[[ Exercise inputs open ]]

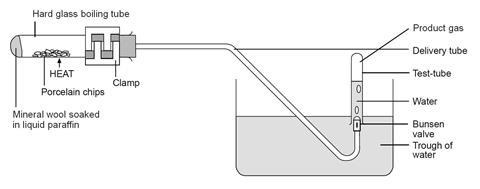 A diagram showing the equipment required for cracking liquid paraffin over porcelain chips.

[[ Exercise inputs closed ]]
[[ Exercise inputs open ]]

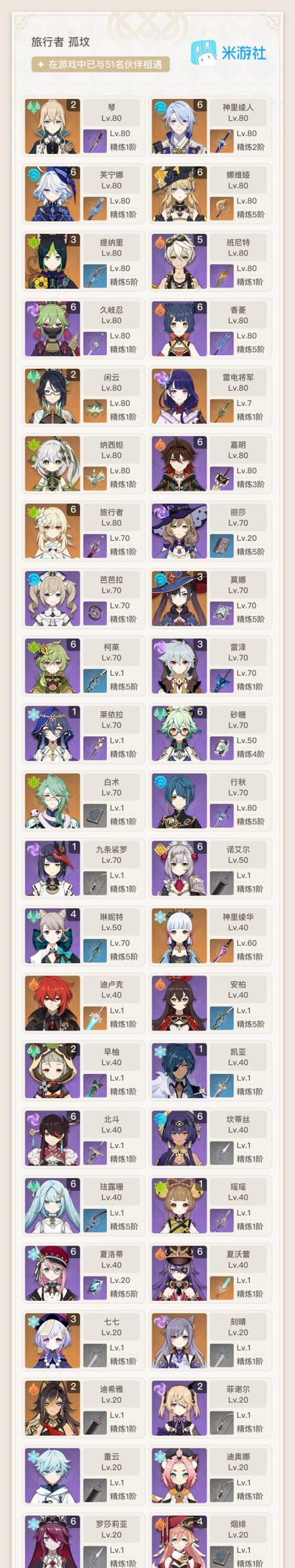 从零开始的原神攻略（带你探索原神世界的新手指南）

[[ Exercise inputs closed ]]
[[ Exercise inputs open ]]

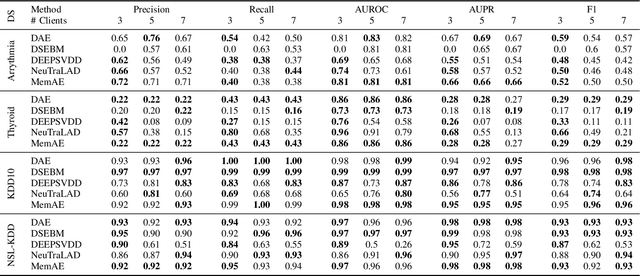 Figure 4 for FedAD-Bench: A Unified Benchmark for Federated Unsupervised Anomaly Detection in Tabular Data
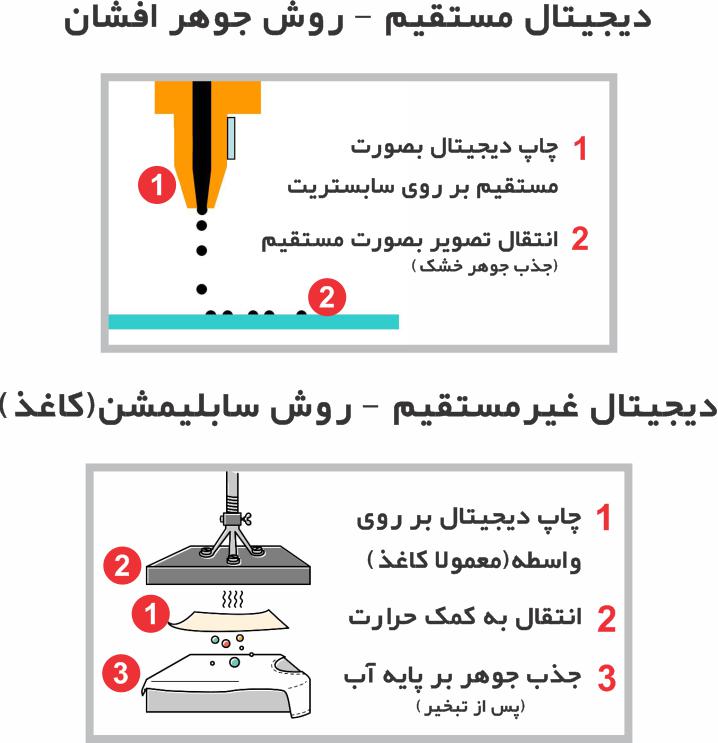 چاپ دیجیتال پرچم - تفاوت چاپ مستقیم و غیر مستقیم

[[ Exercise inputs closed ]]

Output exactly the lines above, from the line with "Figure 4 for" to the line with "چاپ دیجیتال پرچم", both included; skip the pictures.

 Figure 4 for FedAD-Bench: A Unified Benchmark for Federated Unsupervised Anomaly Detection in Tabular Data
 چاپ دیجیتال پرچم - تفاوت چاپ مستقیم و غیر مستقیم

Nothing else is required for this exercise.